Oblique Electromagnetic Instabilities Driven by Pickup Ion Ring-beam Distributions in the Outer Heliosheath. I. Linear Instability Analysis

Abstract

Abstract The energetic neutral atom ribbon observed by the Interstellar Boundary Explorer spacecraft is believed to originate from the pickup ions in the outer heliosheath. The outer heliosheath pickup ions generally have a ring-beam velocity distribution at a certain pickup angle, α, the angle at which these ions are picked up by the interstellar magnetic field. The pickup ion ring-beam distributions can drive unstable waves of different propagation angles with respect to the background interstellar magnetic field, θ. Previous studies of the outer heliosheath pickup ion dynamics were mainly focused on ring-like pickup ion distributions with α ≈ 90° and/or the parallel- and antiparallel-propagating unstable waves (θ = 0° and 180°).

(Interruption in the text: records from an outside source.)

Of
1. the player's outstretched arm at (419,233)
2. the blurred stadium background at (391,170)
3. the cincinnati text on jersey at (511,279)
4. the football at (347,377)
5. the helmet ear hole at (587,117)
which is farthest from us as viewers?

The present study carries out linear kinetic instability analysis to investigate both the parallel and oblique unstable modes (0° ≤ θ ≤ 180°) driven by ring-beam pickup ion distributions of different pickup angles between 0° and 90°. Our linear instability analysis reveals that ring-beam pickup ion distributions can excite oblique mirror waves as well as parallel/quasi-parallel and oblique right- and left-helicity waves. The maximum growth rate among all the instabilities belongs to the parallel-propagating left-helicity waves at most pickup angles. Furthermore, the evolution of the unstable mirror waves by varying pickup angle indicates that as the pickup angle increases, the maximum growth rate of the mirror modes increases, while its propagation angle decreases.